**YOUR ASSIGNMENT**
Find the line below with "Art Tile, FL, Blue". Print it and every line after it exactly, through the last line, leaving out the pictures.

**DATA EXCERPT**
---*---

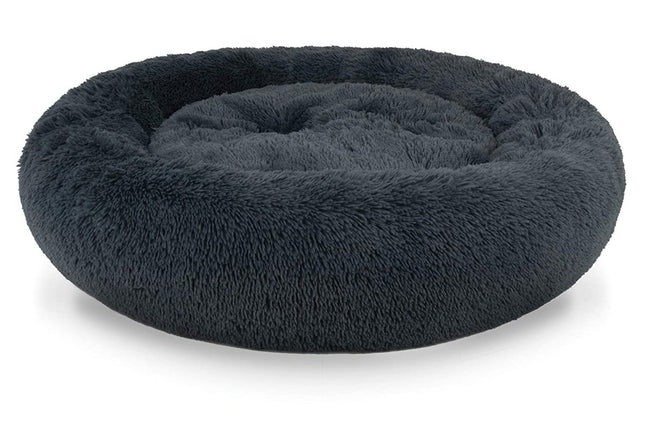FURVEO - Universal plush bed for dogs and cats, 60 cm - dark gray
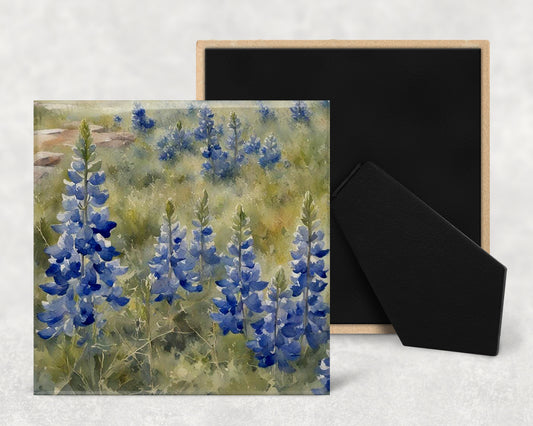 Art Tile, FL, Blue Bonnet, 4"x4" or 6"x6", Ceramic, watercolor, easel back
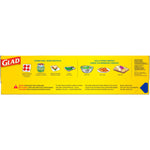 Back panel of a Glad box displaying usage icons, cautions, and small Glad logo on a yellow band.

---*---

**FINAL ANSWER**
 Art Tile, FL, Blue Bonnet, 4"x4" or 6"x6", Ceramic, watercolor, easel back
 Back panel of a Glad box displaying usage icons, cautions, and small Glad logo on a yellow band.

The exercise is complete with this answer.